That injection made Johnson the first person ever to undergo gene therapy for an eye condition, although it may take months to determine if the procedure worked. A second patient received the same treatment shortly after Johnson, and 10 more will soon follow suit names and dates all undisclosed as part of a trial led by Robin Ali, a professor of human molecular genetics at University College London, and conducted at Moorfields Eye Hospital in London.
All 12 patients have a faulty gene that gives them a form of Leber's Congenital Amaurocis, a major cause of congenital blindness. Born with limited sight, the patients are expected to become totally blind as they grow older. They have enough photoreceptor cells, but the cells don't work because one of the genes is a dud. Now Ali is firing functional versions of the faulty gene back into the photoreceptor cells, and the one-time procedure could permanently cure the blindness. Johnson's condition a faulty RPE65 gene is incredibly rare. But Ali says the procedure, if it works, could be used to treat any one of about 100 inherited single-gene sight disorders that, together, affect 1 in 2,000 or 3,000 people.
Ali's trial at Moorfields is not a conceptual breakthrough for the young science of gene therapy there have been other trials on procedures in other organs but, as a milestone, it's a good marker of where the field stands today. At its most basic, gene therapy is anything that introduces new genetic material to help fight or prevent a disorder. Treatment options are still in the experimental stages, and are not free of philosophical critics. But gene therapy has also been heralded as a potential cure for all kinds of genetic diseases (think cystic fibrosis or sickle-cell anemia) and even for cancer with promising lab results to back up the hype. For that reason, gene therapy is a hive of research activity. Ali is joined by many others, at the universities of Pennsylvania, of Florida, and of Iowa, for example, who have spent years working to develop gene therapy for the eyes. Then there are the countless researchers working on other gene-therapy problems, either at the theoretical level or in other organs, or both.
The field's main challenge today is getting the best of that research ready, through trials like the one at Moorfields, so that patients to reap the benefits. "Moving something from the laboratory into the clinic, the difficulty of doing that is enormous," says Ali in London. "It's very exciting that we've managed to get this far."
And it's taken ingenuity.

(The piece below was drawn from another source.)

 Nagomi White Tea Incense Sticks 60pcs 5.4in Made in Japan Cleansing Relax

In patients like Robert Johnson, Ali delivers the functional gene using a virus that's been modified so it won't attack the eye or reproduce. The two trial subjects so far have not had severe immune responses to the new matter in their eyes always a danger. Scientists are especially hopeful because the procedure worked so well in its animal trials. Scanning the eyes of dogs that underwent the procedure, researchers could see how the photoreceptor cells had changed. More important, the previously blind dogs could see well enough to navigate through a maze.

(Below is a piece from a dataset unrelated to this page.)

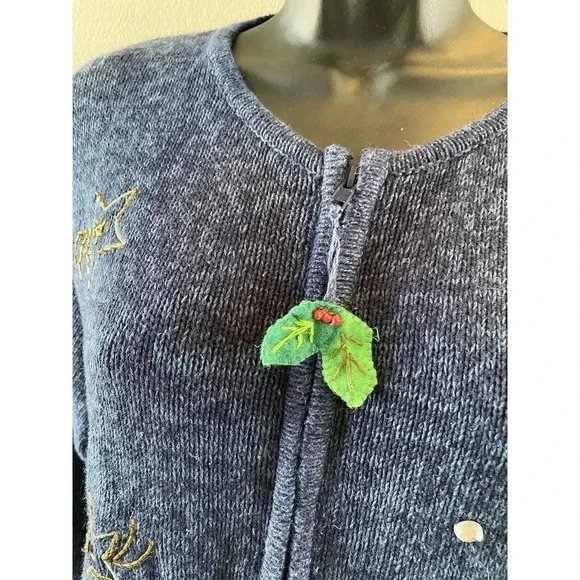 Vintage Ms Lee Christmas Sweater Cardigan Women's Large Embroidered Reindeer - Picture 12 of 16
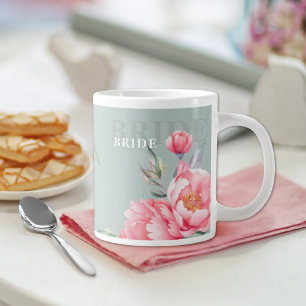 Bröllop & Eid   Rosa Peony & Salvia Grön Jätte Mug Jumbo Mugg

Ali says he expects it will be at least a year and probably longer before any results of his trial are published. It can take months for the new genes to take effect. He is, however, "optimistic." He's not alone. "I don't have any doubt this is going to be a real home run. The people in this trial, they're going to be out playing Frisbee, seeing their girlfriends' and boyfriends' faces for the first time," says Jeffrey Boatright, a self-described "second-generation" gene-therapy researcher at Emory University in Atlanta. The U.S. National Eye Institute issued a statement to say the procedure "opens the door to treatment of a whole repertoire of genetic eye diseases." There's hope that, one day, gene therapy might be developed to tackle more complex sight disorders with a genetic component, like age-related macular degeneration.

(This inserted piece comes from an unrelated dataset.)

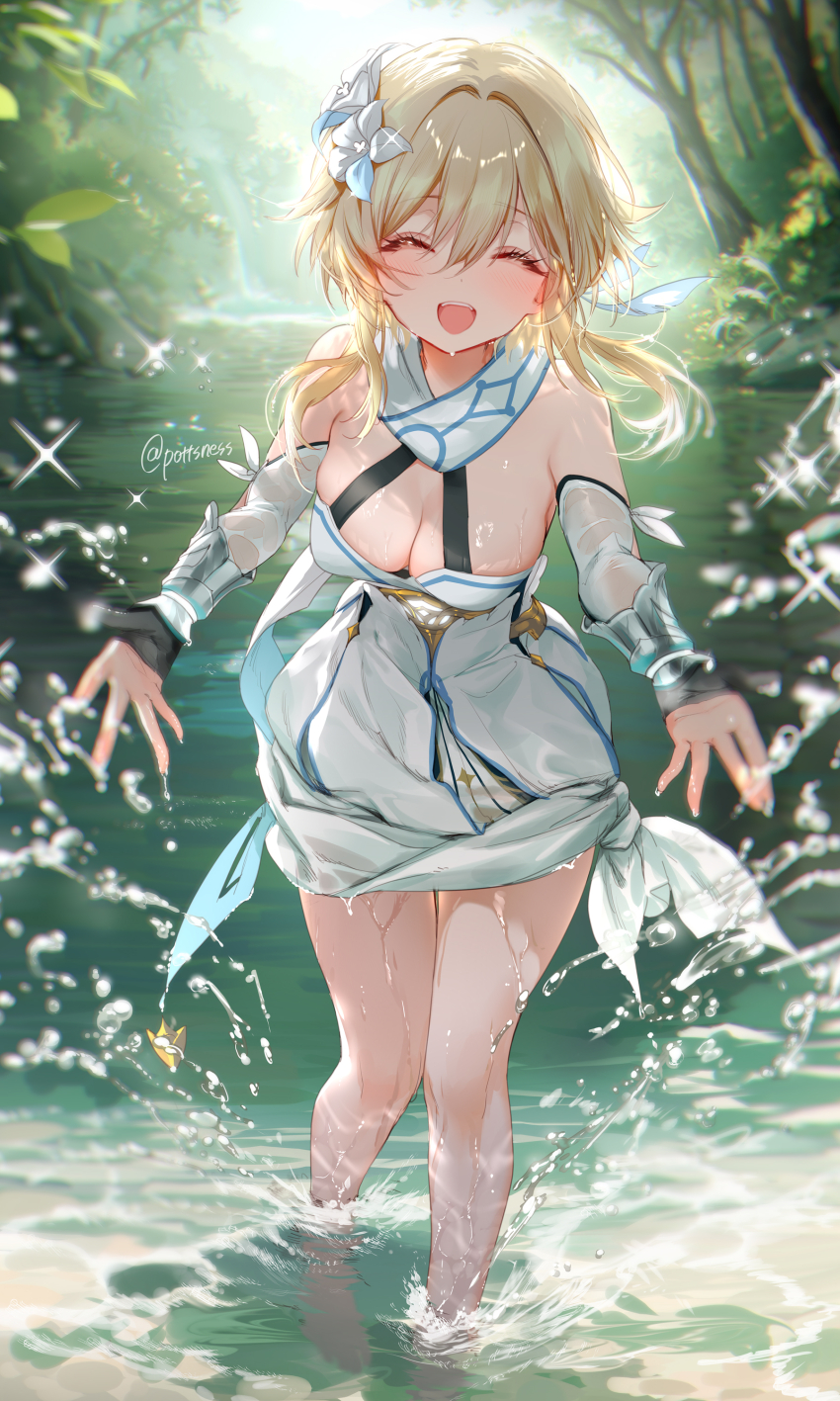 1girl :d absurdres barefoot black_gloves blonde_hair breasts cleavage closed_eyes dress facing_viewer flower genshin_impact gloves hair_between_eyes hair_flower hair_ornament highres large_breasts lumine_(genshin_impact) open_mouth outdoors partially_fingerless_gloves partially_submerged pottsness scarf short_hair_with_long_locks smile splashing tied_dress twitter_username wet white_dress white_scarf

Boatright and his colleagues are working on a technique that would let ophthalmologists fix genes that not just fail to express themselves, like Robert Johnson's, but that have mutated in a way that they express themselves abnormally, a trickier proposition because doctors need to add something and suppress something else at the same time. (Boatright and co. would inject short DNA strands that, where they bound with the patient's DNA at the point of the fault, would alert the body's existing repair mechanisms to the problem). The future looks bright indeed.